# Remote flashing red dot twice



## Alex_7 (Jun 24, 2020)

I moved my TS4K to my office room, when I press the power button on the remote to turn on my tv, it is unresponsive, I get two flashing red dots on the remote. I have to keep hitting the power button on the remote until it finally decides to turn on the tv. I have to resort to manally turn on my tv using its own power switch. When the tv is finally on my remote is still a bit unresponsive navigating the on screen menus, until it finally recognizes the remote..my batteries are fully juiced up too. Any one have a solution? Should I repair the remote to my tv?


----------



## Alex_7 (Jun 24, 2020)

I reset and unpaired the remote, then re paired it, seems to have solved the issue.


----------



## jb brown (Aug 28, 2020)

yes repair the remote to the tv


----------



## Alex_7 (Jun 24, 2020)

jb brown said:


> yes repair the remote to the tv


My remote seemed to go out of wack when I moved the device to a different tv, now its working fine once I re-paired it


----------



## Alex_7 (Jun 24, 2020)

Occasionally I'm still getting the red dots flashing..


----------



## xberk (Dec 3, 2011)

My TS4K remote working fine. It turns my TV and my Yamaha AV unit on and off with a single click .. only paired it initially and it has held up since then.


----------



## sssSMOKING (Jan 22, 2020)

Alex_7 said:


> I moved my TS4K to my office room, when I press the power button on the remote to turn on my tv, it is unresponsive, I get two flashing red dots on the remote. I have to keep hitting the power button on the remote until it finally decides to turn on the tv. I have to resort to manally turn on my tv using its own power switch. When the tv is finally on my remote is still a bit unresponsive navigating the on screen menus, until it finally recognizes the remote..my batteries are fully juiced up too. Any one have a solution? Should I repair the remote to my tv?

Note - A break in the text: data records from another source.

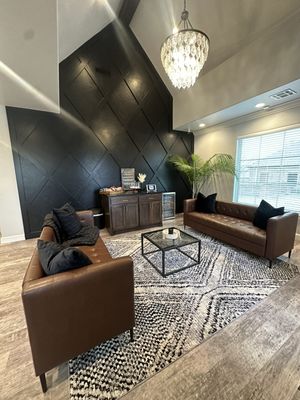 Refined Beauty Salon Suites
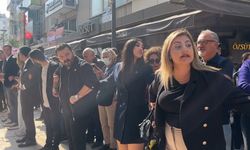 İzmir’de gazetecilere engel! Yeni Partililer etten duvar ördü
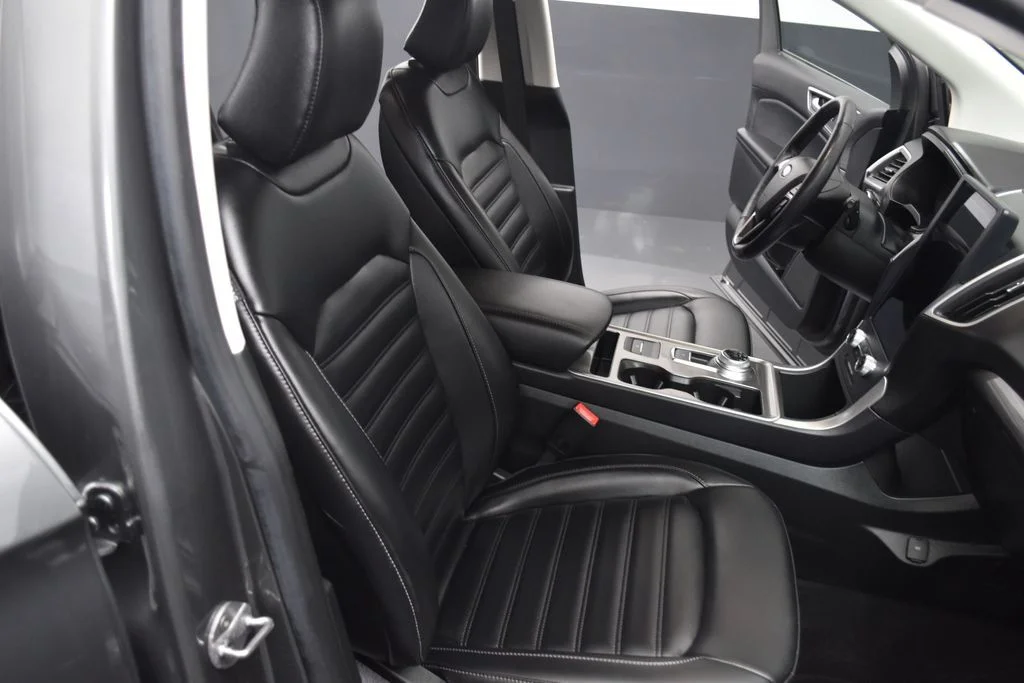 Used 2023 Gray Ford SEL image 27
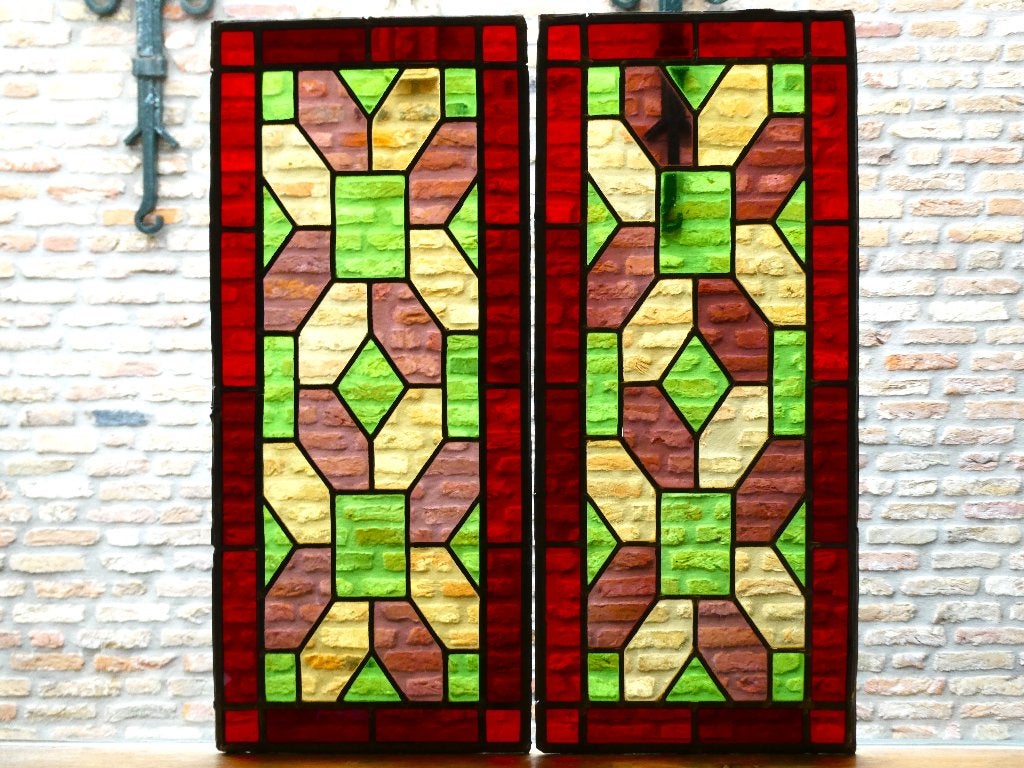 2 Antiek glas in lood ramen kleur rood lichtgeel groen ....., Ophalen of Verzenden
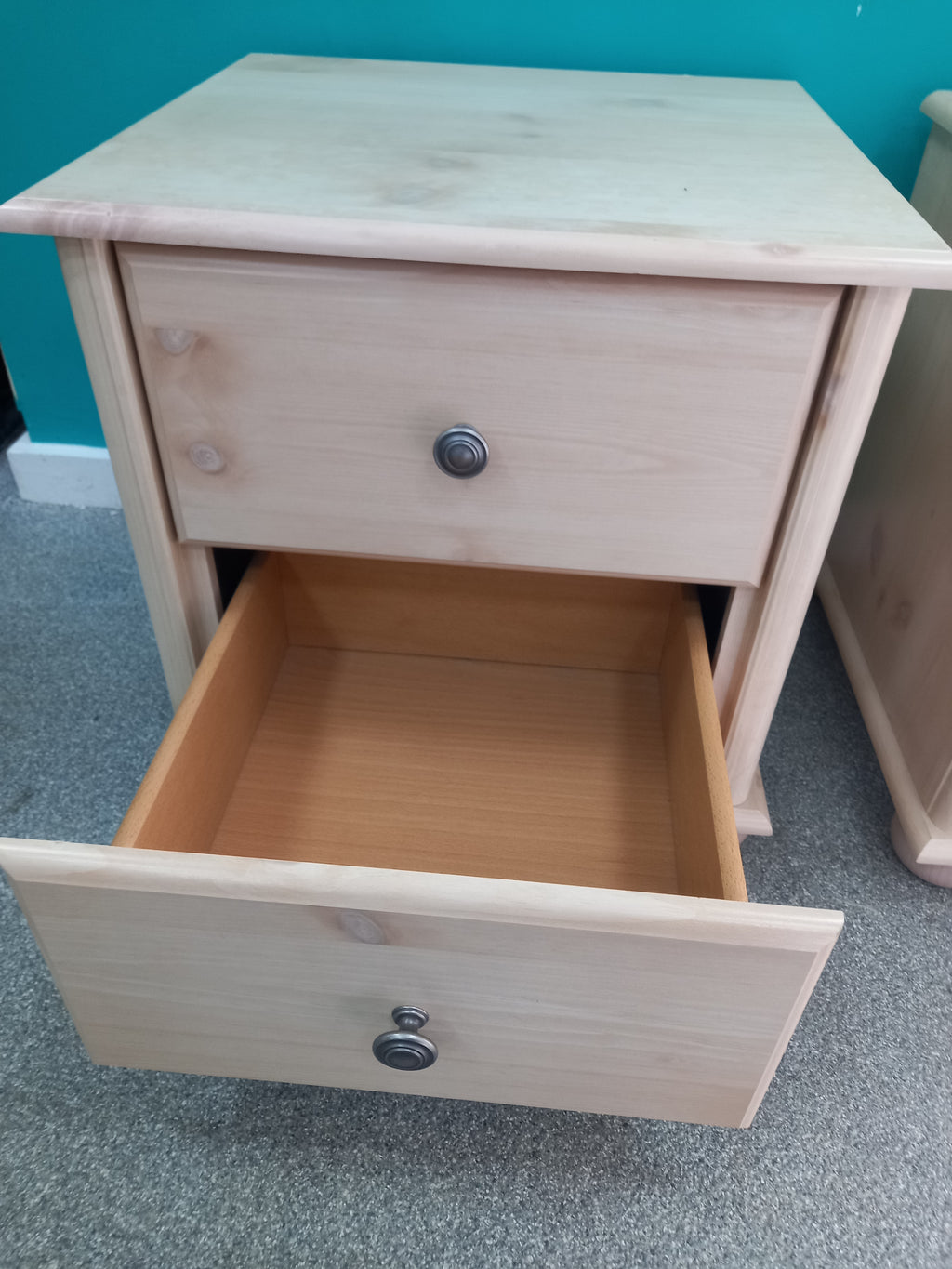 Bedside Tables (01072608) ga3997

I had a very similar problem and my problem was the Batteries. According to the TS4K "Setting" the batteries were at 60%. After trying a lot of things I changed the batteries out and everything has been good (4+weeks). Please keep us posted on your outcome.


----------



## Alex_7 (Jun 24, 2020)

sssSMOKING said:


> I had a very similar problem and my problem was the Batteries. According to the TS4K "Setting" the batteries were at 60%. After trying a lot of things I changed the batteries out and everything has been good (4+weeks). Please keep us posted on your outcome.


I will try replacing the batteries thanks


----------